Exercise. An exact copy of the data is required. No picture may appear in it.

Supplied material.
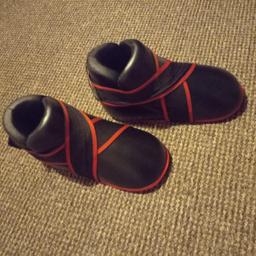 kickboxing boots semi/full contact kick boxing boots foot pad kids. size 8-10 years old.
good condition.
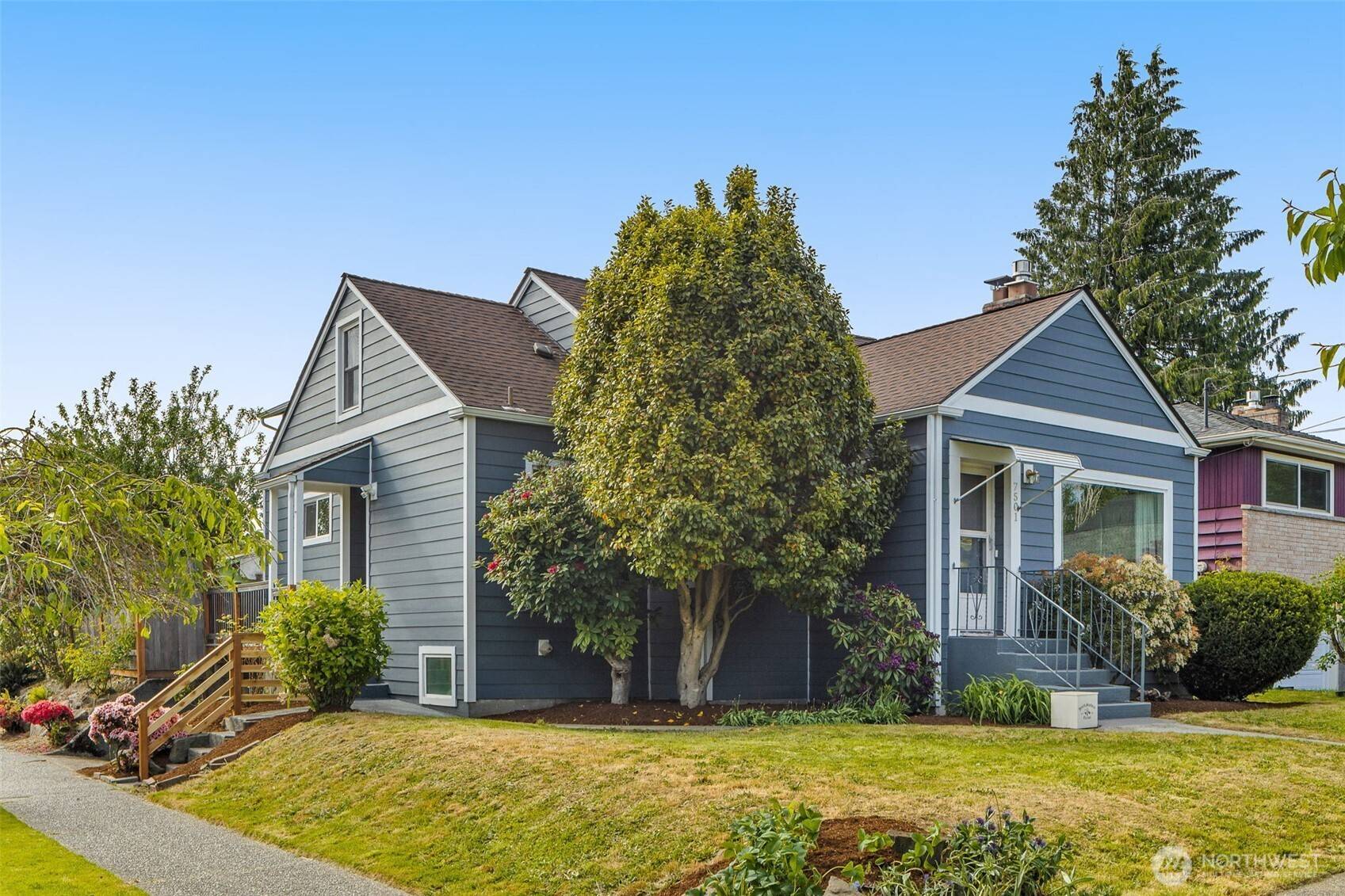 Seattle, WA 98117,7501 26th AVE NW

Solution for this exercise.
 kickboxing boots semi/full contact kick boxing boots foot pad kids. size 8-10 years old.
good condition.
 Seattle, WA 98117,7501 26th AVE NW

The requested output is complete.